In December 1917, the meticulous Carter divided the valley up into a grid and began excavating each sector, right down to the bedrock. Colourisation reveals the astonishing scale of the operation that was required.
On 4 November 1922, a water-boy in Carter’s team, Hussein Abdul Rasoul, discovered a flight of steps descending into the bedrock. Carter broke into the tomb to discover first a rubble-filled passageway, then another sealed entrance. As Carter peered in, he declared, ‘It is wonderful.’ The extraordinary collection of objects he saw, including gilded couches, chariots, jewels, statues, and even ancient lunchboxes containing food for the afterlife, were captured in black and white by expert photographer Harry Burton. Using colourisation, we are now able to experience the scene that met their eyes, in incredible detail, almost as though it’s right in front of us.
On 16 February 1923, Carter and Carnarvon broke through into Tutankhamun’s burial chamber. A large blue and gilt shrine filled the room. Opening its doors, Carter discovered sealed doors to another three shrines, one within the next. Within these was a sarcophagus made from yellow quartzite and, within this, a nest of three coffins, also one within the next. For the first time in a century, we reveal each stage in amazing coloured detail. The outermost coffin was gilt, adorned with a garland of flowers. The middle one was inlaid with gold and coloured glass and the innermost was – incredibly – crafted from solid gold.
Finally, within this, was Tutankhamun’s mummy wearing the famous solid gold mask.
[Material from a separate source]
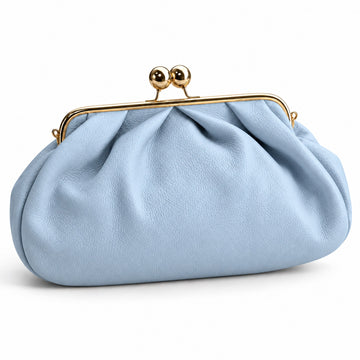 Misariva Procida Midi - Geanta cu Rama din Piele Naturala Made in Italy, Bleu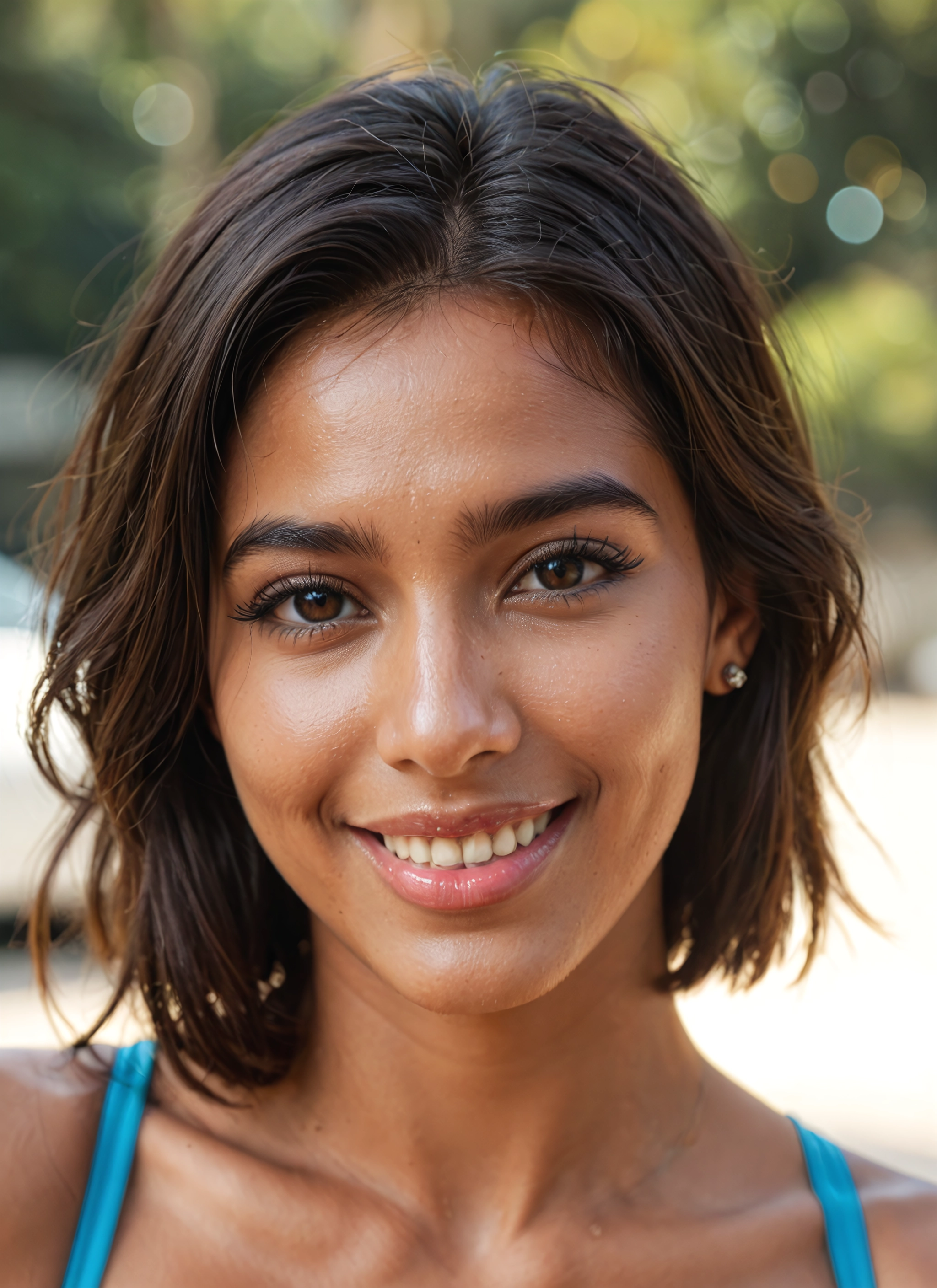 1girl, solo, brown eyes, smile, jewelry, earrings · Yamete.gg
Colourisation of the rather messy-looking black and white photograph reveals that his wrapped body was actually festooned with colourful jewellery.
The discovery of Tutankhamun’s body also revealed that he died very young, aged 19. This changed the way Tutankhamun was seen around the world. In Europe, the death of a young man hit a chord with so many who had lost their sons in the First World War. In his own country, Tutankhamun became a young and vibrant symbol of a powerful and independent Egypt.